Abstract

The article provides an overview of the history of the study of Muslim reformism, known in the scientific literature as Jadidism, in the works of Soviet and Russian researchers. At first, it included only the reform of Islamic education, and later it began to be understood as a broader movement of “Muslim enlightenment” aimed at reforming the entire Muslim society. The study of the history of Jadidism in Russia began in the 1920s. Soviet scientists through the prism of the Marxist theory of the development of socio- economic formations. In the post-war years, Soviet historians and social scientists wrote critically about Jadidism. During the years of Khrushchev’s “thaw”, scholars tried to reconsider the essence of Jadidism in the socialist context of historical research through the reinterpretation of Islam as a specific Tatar national cultural heritage, called “mirasism”. A new stage of Russian historiography in matters of Jadidism began in the post- Soviet period, when Jadidism began to be seen as a social movement of Russian Muslims aimed at forming a nation of the European type. In general, it can be said that studies in Russian and Soviet historiography on the history of Jadidism in the Crimea, the Volga-Ural region, Central Asia and the Caucasus are distinguished by different methodologies and conceptual approaches, while works on the history of the Jadid movement in the Volga-Ural region are more complete.

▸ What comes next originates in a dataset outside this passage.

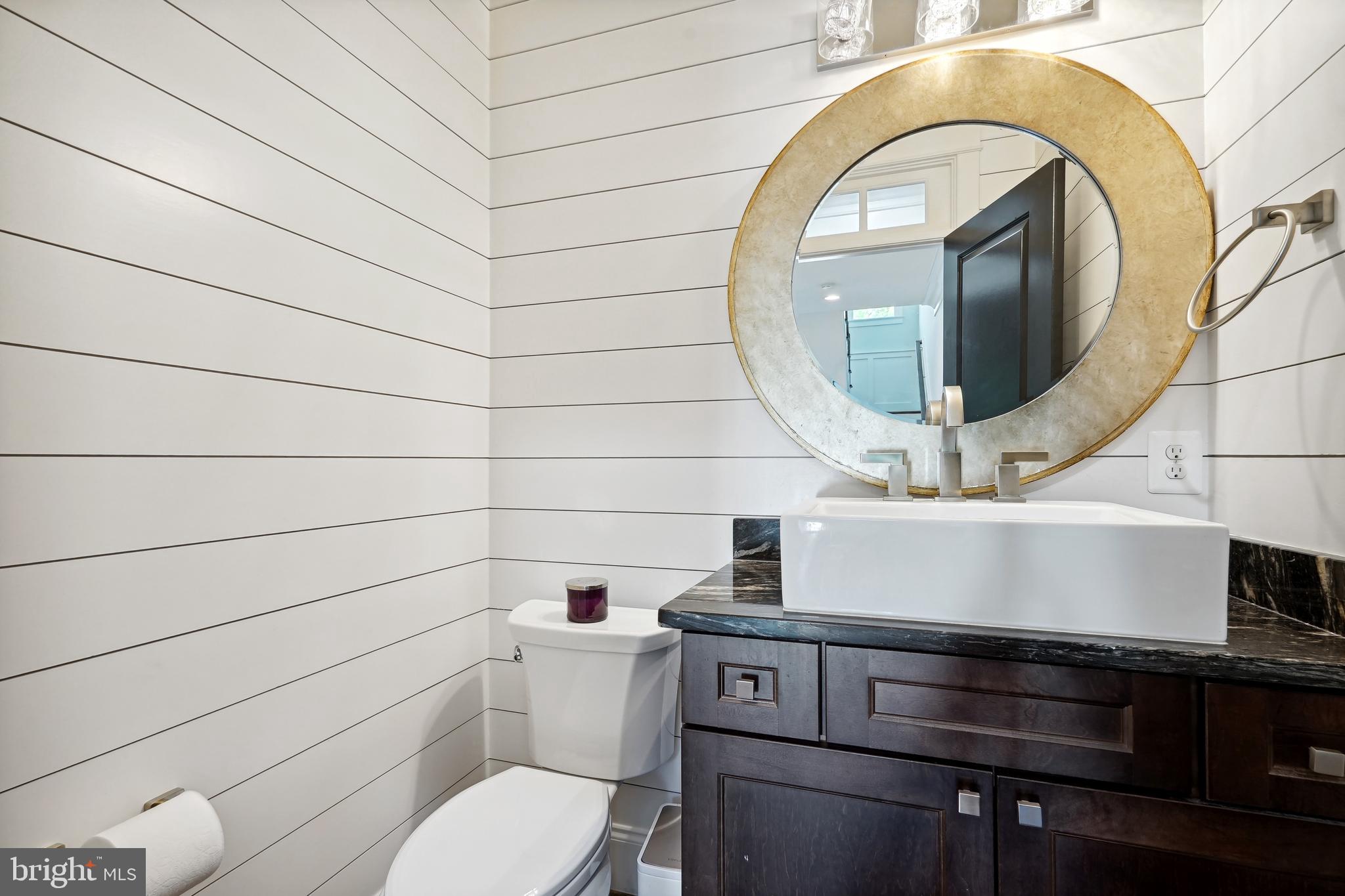 6719 Van Fleet Drive McLean, VA 22101 - Photo 26 of 29 a bathroom with a toilet a sink and mirror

Despite the fact that there is no common understanding of the phenomenon of Jadidism in the Volga-Ural region, nevertheless, scientists of different directions (historians, philologists, Islamic scholars) have done a lot of work in studying this issue. In this regard, the history of Muslim reformism in the North Caucasus, in particular in Dagestan, is practically not studied. As well as there is no special work on this region.